Estes aspectos contribuíram em muito a decisão da montagem da Moranduba de Jurema e Macunaíma. Ao analisar o roteiro, compreendemos que o mesmo, estabelecia diálogos com a cultura popular, mas com todos os aspectos da matriz indígena e assim quebrava certos paradigmas acerca do comportamento destes povos. Talvez um bonequeiro encontrar este texto não seja apenas uma coincidência e se for, foi uma ótima oportunidade de valorizar e mostrar outros aspectos da educação oral índigena, pois adapta-lo ao teatro de luvas (fantoches) foi como potencializar a força da comédia que trazia esta moranduba.
Foi um mergulho de investigação antropológica, e para termos uma ideia de quão genial e precioso o roteiro desta moranduba, a estrutura de construção dos personagens traz no nome de cada um as dicas para construção do seu caráter. O nome da índia que acende o fogo de tatá é jurema (uma arvore espinhosa), seu pai é Tuxua Marani (provocador de brigas), os pretendes Tataíça (fogoso), Carcará (águia matadora), Jacaúna (esperto) e por fim Macunaíma (herói que reúne todas as qualidades) são meticulosamente nominados por suas qualidades. Este estudo aprofunda e demonstra a capacidade destes povos de criar conexões e estratégias para deixarem suas histórias verdadeiras experiências lúdicas.

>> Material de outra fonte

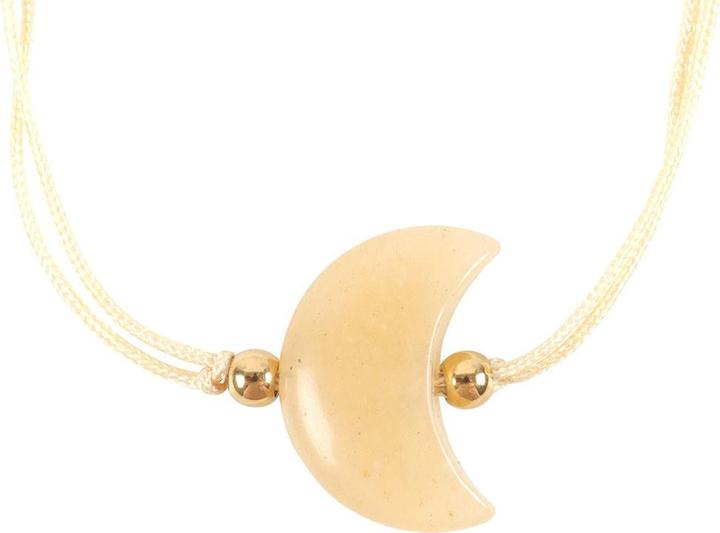Actual product image Something Different Be Brave Yellow Jade Crescent Moon Bracelet (100% synthetic material)
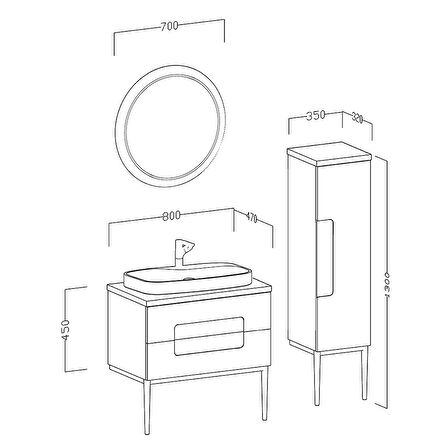 Ubm Monarc 80 Cm Lake Banyo Dolabı Antrasit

O grande desafio era não cair nas mesmas estruturas que fazem do índio um ser desprovido de inteligência e perspicácia. A dificuldade era fazer uma comédia sem que o índio fosse o alvo de caricaturas depreciativas. No entanto, a própria inteligência do roteiro nos apontou o caminho e sem cair no lugar comum do índio como um ser espiritual desprovido de graça, chegamos a um espetáculo cheio de picardias como as grandes obras dramatúrgicas do nosso teatro popular. Para tanto, absorvemos as peculiaridades de cada personagem frente às suas façanhas, que mesmo colocados em situações constrangedoras, mostra toda a inteligência deste conto, que num lupping, devolve à história a sabedoria e o orgulho ao povo indígena. Tratar de assuntos tão delicados quanto a entrada na puberdade demonstra a capacidade criativa destes povos. Tratam sem tabus tais fatos e desvelam outras experiências escondidos por detrás de acontecimentos comuns ao ser humano.
A Moranduba nos ensinou que valorizar a cultura indígena é tão simplesmente mostrar a inteligência e a sabedoria destes povos frente aos assuntos tratados como tabus em nossa sociedade. Introduzir estas histórias no nosso cotidiano através do teatro de bonecos fortalece as conexões esquecidas que constroem a brasilidade da nossa cultura. Tornar público as influências que fazem do Brasil este povo alegre e criativo, não cultivando a imagem de um índio totalmente desconectado da nossa realidade e sim tornar consciente a sua contribuição. Portanto, o espetáculo Moranduba não é somente um resgate de uma história e sim a busca de aproximação deste índio desconhecido que se mostra engraçado e que cria histórias cheias de picardia e humor a nossa real cultura brasileira.